Today, Beach House release their new album ‘7’ The, well, seventh album from Baltimore’s Victoria Legrand and Alex Scally is a brilliantly considered progression, following 2015’s one-two of ‘Depression Cherry’ and ‘Thank Your Lucky Stars’.
“It seems that every time Victoria Legrand and Alex Scally pick up their instruments, a gorgeous, irreplaceable atmosphere washes over anything they play,” we wrote in our review of ‘7’, “and on album seven, it’s lost none of its potency.”
A product of a handful of sessions in different studios and in the band’s homes, we talk to Victoria about ‘7’, the magic of music, and pushing forwards.
You’ve said your new album is concerned with “rebirth and rejuvenation” - did it prove easy to hit the reset button over a decade into your career, or did it take some time?
This album ‘7’ wanted to happen and it happened fast. It seems like the creativity was just ready to pour out - a creative urgency in times of darkness and we just went with the flow. There’s no better time to do as much as you can when you believe in it. The best part of getting older is the learning from experiences. It’s easy to reset when you have all the pent up frustration from the past and determination to change.
Building the studio in our practice space in Baltimore enabled us to be creative and professionally record at the same time. No middlemen… we didn’t really do demos for this record. A good deal of the record was recorded in Baltimore, [just] beats, keys, some guitar, and some vocals. A good amount of vocals and drums were recorded at Carriage House, Crown Lanes studios and Palmetto studios as well. ‘7’ is really a hybrid of home recording and professional studio.
Did releasing your b-sides and rarities compilation last year help with the idea of starting anew?
It was more of an organisational necessity. It did blow our minds how much music we’ve made, digging through the past. I think it was just a necessary task to gather loose ends and come to terms with the past to some extent. It didn’t affect ‘7’ in any creative way.
Releasing ‘Depression Cherry’ and ‘Thank Your Lucky Stars’ so close together back in 2015 was a move we don’t often see - what did you learn from the process, and is experimenting with non-traditional release techniques something you’re interested in?
We learned that spending long periods of time in a studio is not always an inspiring thing. It can be spark-crushing, and just because you spend a long time in a studio doesn’t mean you’ll get the time you want to experiment and be creative there. The people you work with and surround yourself with affect those creative energies. That’s why working and co-producing with Sonic Boom was so beneficial because he supported our non-traditional method of operating. He’s a believer in that.
He was also a great harbinger of sound experimentation and play. After doing four records with Chris Coady - and there’s nothing but respect there - we learned that we had to change ways of working and people we worked with. That’s where the desire for new really began… Out of frustration and boredom. You definitely need those elements to find the new paths that excite you. We learned we didn’t want to move forward in the same way we had done before.
“We learned we didn’t want to move forward in the same way we had done before.”
The album was recorded across a number of sessions - does it still feel like a cohesive piece of work, or do you see the different sessions representing different sounds and feelings across the album?

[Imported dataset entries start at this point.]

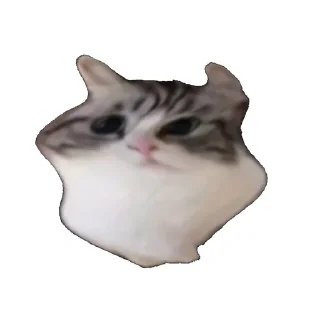 🗞 emoji ебучий шарик @komaru_GIF Telegram sticker 9 of 60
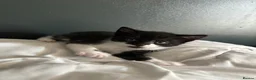 Domestic Shorthair cats for sale: Kittens in Peterborough - Advert 1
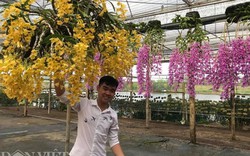 Giàn phong lan giả hạc thanh củi "khủng" của 9X Lâm Đồng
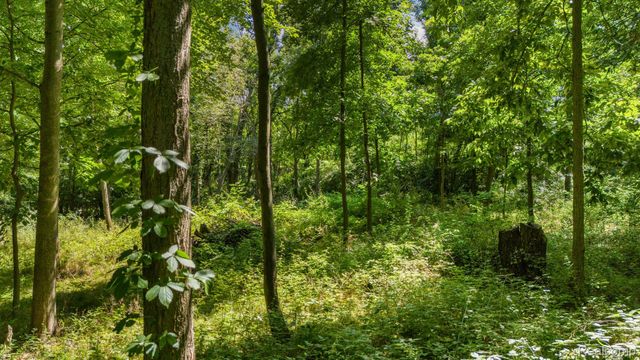 00001 LEDGEWOOD Drive, Tyrone Township, MI 48430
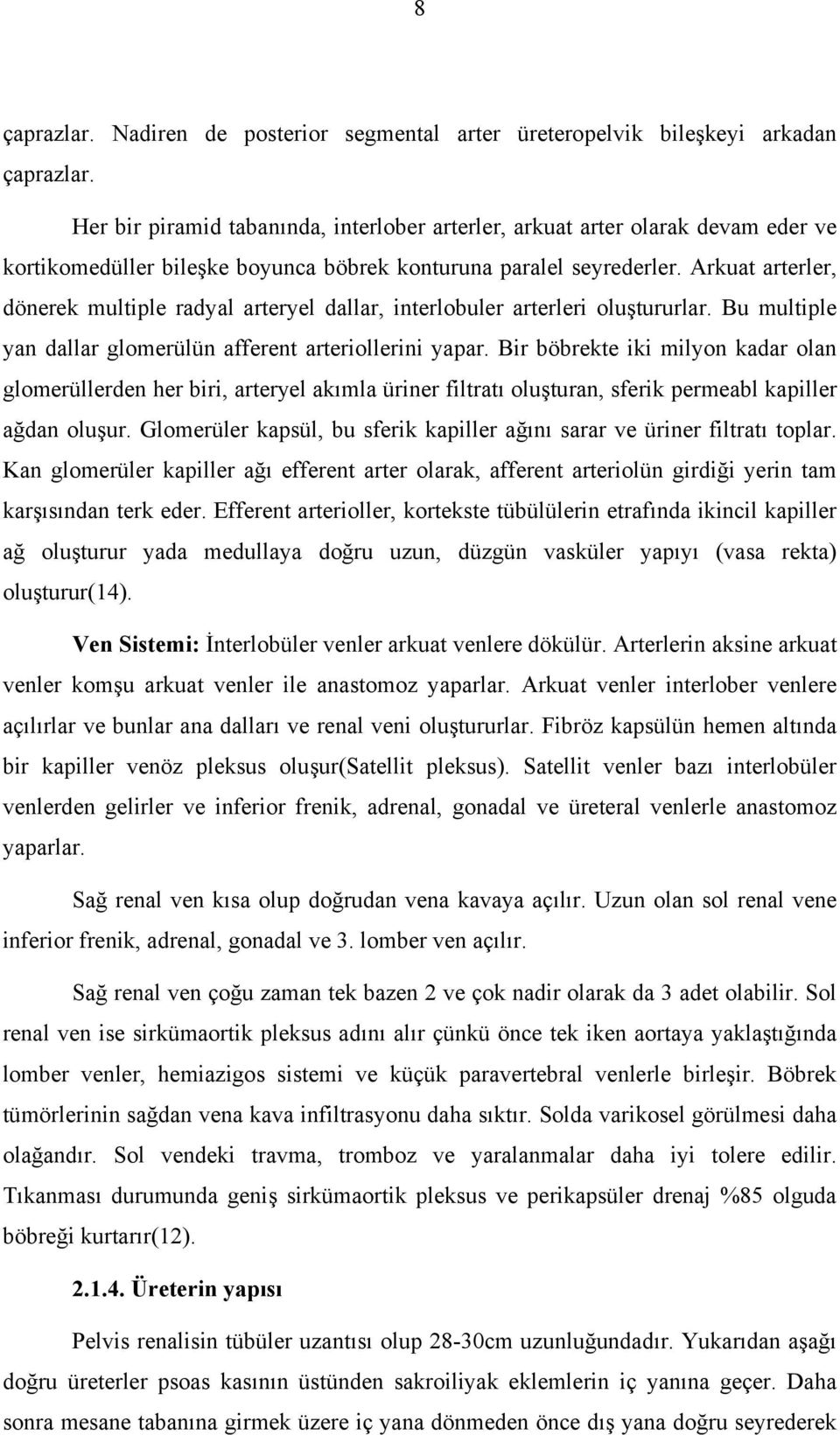 Arkuat arterler, dönerek multiple radyal arteryel dallar, interlobuler arterleri oluştururlar. Bu multiple yan dallar glomerülün afferent arteriollerini yapar.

It’s absolutely a cohesive piece of work to us. If anything, changing locations for each chunk of songs to be recorded helped keep the electricity alive and energy fresh.
Changing the ways we did things in the writing and recording process never endangered our ability to feel the shape of the album; it only made things more clear actually. We had more time between sessions to really hear and feel what had been created, and more time to really know what’s going rather than what you would get in being stuck somewhere in a studio for two months losing perspective. A great deal of the album art inspiration came out of all this time as well, i.e. discovery of op art as a theme, Warholian ‘60/’70s black and white, collage etc and made our creative art direction over final album art more bold and extensive. We wanted it to be striking like the number ‘7’.

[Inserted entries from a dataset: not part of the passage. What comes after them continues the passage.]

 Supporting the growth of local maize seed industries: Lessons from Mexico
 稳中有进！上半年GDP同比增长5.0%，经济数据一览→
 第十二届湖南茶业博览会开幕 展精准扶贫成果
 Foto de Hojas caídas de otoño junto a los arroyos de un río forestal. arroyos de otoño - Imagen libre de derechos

What did you gain from such a different process, and can you pinpoint where the changes can be heard on the finished product?
I think you just have to listen to the record. It’s not really our place to tell people how it’s different or how to feel or respond. That’s the exciting part, not knowing what it’s going to mean to people. I believe that all the energy we felt and put in is in the record. Repeated listens and listening loudly should help reveal that.
It also features more electronic elements than we’ve seen from you before - was that due to new music you were being influenced by, or simply a desire to try new things?
I think desire is incredibly powerful, and especially a desire that doesn’t know where it’s going exactly so that you can play around at optimum capacity. Give in to the unknown and you can be free! We were very inspired by rhythm and heaviness and many of the beats on the record really influenced the musical developments of the songs’ identities. ‘Black Car’ is a good example of that. It’s amazing what worlds chords and rhythm can create together. They can literally create night.
Beach House’s new album ‘7’ is out now via Bella Union.